## [Task to carry out]
Quote all of the data below exactly, please.

## [Material provided]
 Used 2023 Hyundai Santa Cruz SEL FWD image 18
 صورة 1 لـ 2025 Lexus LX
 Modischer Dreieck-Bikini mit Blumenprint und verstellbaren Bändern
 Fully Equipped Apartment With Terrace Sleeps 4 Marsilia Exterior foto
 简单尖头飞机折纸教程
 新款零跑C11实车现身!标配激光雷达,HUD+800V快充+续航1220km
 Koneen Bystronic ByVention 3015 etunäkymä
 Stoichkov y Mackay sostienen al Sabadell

## [Task result]
 Used 2023 Hyundai Santa Cruz SEL FWD image 18
 صورة 1 لـ 2025 Lexus LX
 Modischer Dreieck-Bikini mit Blumenprint und verstellbaren Bändern
 Fully Equipped Apartment With Terrace Sleeps 4 Marsilia Exterior foto
 简单尖头飞机折纸教程
 新款零跑C11实车现身!标配激光雷达,HUD+800V快充+续航1220km
 Koneen Bystronic ByVention 3015 etunäkymä
 Stoichkov y Mackay sostienen al Sabadell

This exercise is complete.